Thursday, September 3, 1998

New Jersey battleship panel set to visit Bayonne today

By CAROL COMEGNO
Courier-Post Staff

Bayonne officials will host the USS New Jersey Battleship Commission today in an effort to convince the panel that their city is better than Camden or Jersey City as a future home for the state's namesake ship.

It is the commission's last visit to any of the proposed ports before it makes its site selection at a meeting planned for next Thursday at the State House in Trenton, said Commission Chairman Joseph Azzolina, R-Monmouth.

"My administration has been working hard to return this historic vessel to our community," Bayonne Mayor Joseph Doria, also a Democratic assemblyman in Hudson County, said of the USS New Jersey. "With our great naval history and central location in the North Jersey-New York region, Bayonne is well-positioned to attract thousands of tourists each year to visit the ship."

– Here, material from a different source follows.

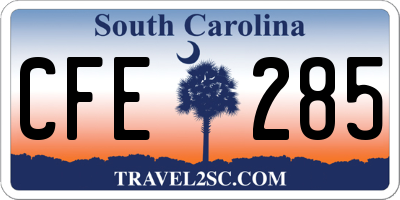 SC license plate CFE285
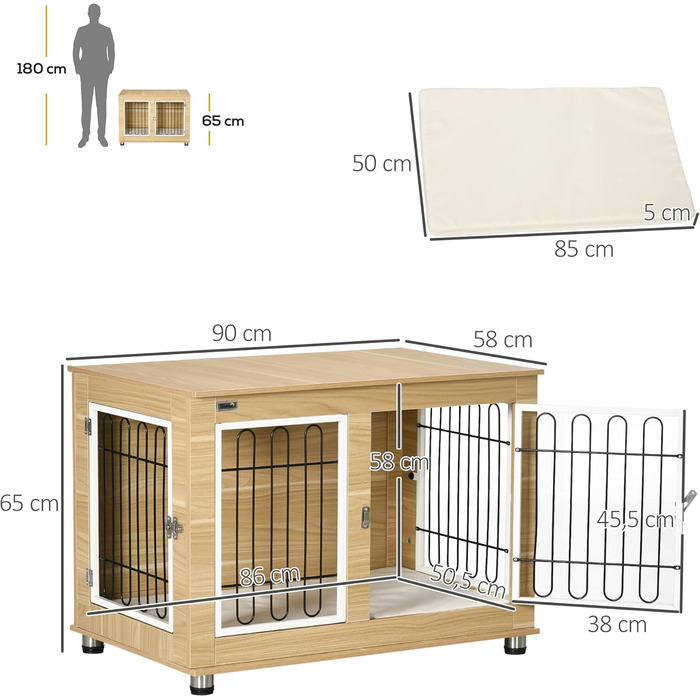 Клітка для собак PawHut з двома дверцятами, подушкою та двома засувками, металева, для дому, 90 x 58 x 65 см, колір дуб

Azzolina said all three cities would receive fair consideration.

Most of the 14 commission members are expected to attend a presentation today in the Bayonne municipal building and then tour the Military Ocean Terminal, where the New Jersey would be docked as a floating museum if the Bayonne site is chosen.

The warship - the most decorated in U.S. naval history - was stored at Bayonne twice when it was inactive between wars, the first time after World War II. The commission plans to tow the ship to New Jersey from the naval shipyard in Bremerton, Wash., via the Panama Canal before the end of 1999.

On Wednesday, hundreds of 16-inch shells for the ship's large guns arrived at the Earle Naval Weapons Depot in Monmouth County from a Navy ordnance depot in Indiana. The shells would be displayed on the ship if the Navy approves its donation to New Jersey.

This year the U.S. Senate and House each passed different versions of legislation that would release the ship from the Navy's reserve fleet and make it available for donation to a nonprofit group for a museum. When Congress returns this month, the House-Senate Conference Committee is expected to resolve those differences.

While the House bill proposes the ship be released to its home state, the Senate bill stipulated it be released only if the state can meet the Navy's conditions for docking the warship safely and meeting financial criteria.

Maj. Gen. Donald Gardner, director of the USS Intrepid Museum, however, said he has major concerns about having another major naval ship in the New Jersey-New York Harbor that would compete with the aircraft carrier USS Intrepid, which is docked at piers in midtown Manhattan.

He has predicted that both ships would sink financially if the New Jersey came to either Bayonne or Jersey City.

Camden City and Camden County agencies have so far pledged $4.2 million to dock the ship in Camden. Neither of the other two cities has pledged more than $1 million. The commission said it needs about $7 million to $8 million to tow the ship back, prepare dockage and convert the ship to a museum. It has almost $4 million from special license plate sales and private donations.